The group is placing up to 61.2m shares, which represents 9.99% of its shares, and including additional debt of around £120m based on company’s LTV target range, it will generate aggregate funding capacity of £305m.
The company will use the funds to accelerate its growth strategy in the private rented sector (PRS) by committing to a further £246m of new acquisitions in Nottingham, Birmingham, Cardiff and London. In addition, the group will use the funds to pursue a further £59m of projects currently in the planning and legal pipeline.
The group’s net rental income is expected to increase by £16m when the schemes have been completed and leased, which the company predicts will deliver an extra 0.69 pence to dividend per share.

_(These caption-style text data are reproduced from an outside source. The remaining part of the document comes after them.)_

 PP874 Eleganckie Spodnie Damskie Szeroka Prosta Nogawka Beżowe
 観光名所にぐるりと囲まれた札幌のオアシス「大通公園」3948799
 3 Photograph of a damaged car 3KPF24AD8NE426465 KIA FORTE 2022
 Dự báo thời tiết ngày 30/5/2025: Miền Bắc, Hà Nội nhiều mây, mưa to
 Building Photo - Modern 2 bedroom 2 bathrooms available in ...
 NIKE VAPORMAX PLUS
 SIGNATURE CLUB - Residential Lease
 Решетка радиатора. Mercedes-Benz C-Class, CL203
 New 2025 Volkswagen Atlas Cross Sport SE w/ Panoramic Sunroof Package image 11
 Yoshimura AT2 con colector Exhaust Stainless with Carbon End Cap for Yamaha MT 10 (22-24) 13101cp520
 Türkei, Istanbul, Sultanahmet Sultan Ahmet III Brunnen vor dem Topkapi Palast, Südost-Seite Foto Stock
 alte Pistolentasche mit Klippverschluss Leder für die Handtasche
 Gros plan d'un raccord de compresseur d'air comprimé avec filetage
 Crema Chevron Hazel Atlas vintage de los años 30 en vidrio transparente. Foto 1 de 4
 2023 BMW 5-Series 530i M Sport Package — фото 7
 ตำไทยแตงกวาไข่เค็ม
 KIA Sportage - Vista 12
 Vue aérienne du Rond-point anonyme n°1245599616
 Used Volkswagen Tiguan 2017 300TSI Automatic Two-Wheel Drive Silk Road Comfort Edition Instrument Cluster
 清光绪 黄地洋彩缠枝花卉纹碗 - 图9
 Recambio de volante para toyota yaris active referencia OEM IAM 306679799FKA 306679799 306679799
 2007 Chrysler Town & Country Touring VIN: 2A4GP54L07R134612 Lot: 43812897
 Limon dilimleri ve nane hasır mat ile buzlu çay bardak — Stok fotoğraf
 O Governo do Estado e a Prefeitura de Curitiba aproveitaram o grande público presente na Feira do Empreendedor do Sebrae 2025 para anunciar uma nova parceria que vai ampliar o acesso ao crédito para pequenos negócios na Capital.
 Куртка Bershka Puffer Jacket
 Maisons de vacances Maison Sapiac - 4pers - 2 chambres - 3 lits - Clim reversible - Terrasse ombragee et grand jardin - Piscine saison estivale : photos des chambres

In the current year, the company expects continued divided per share growth despite the increased shares in issue.
Grainger is looking to take advantage of long-term structural drivers underpinning growing demand for rental housing in the UK. The housing market is experiencing a positive uplift in sentiment in housing transactions as well as increased demand for rental homes, especially in cities.
In a recent trading update, the Grainger announced strong like-for-like rental growth of 3% in its PRS portfolio and high occupancy of 97.5% in the first four months of its financial year.
Helen Gordon, chief executive of Grainger, said: “We have real momentum in the business and now is the right time to invest for the future and increase our investment in our secured pipeline.
“Today’s placing will enable us to bring forward £246m of investment for four new schemes, three of which are in strong regional cities, delivering 1,160 new homes, as well as expand our planning and legal pipeline, accelerating the delivery of net rental income and earnings growth.”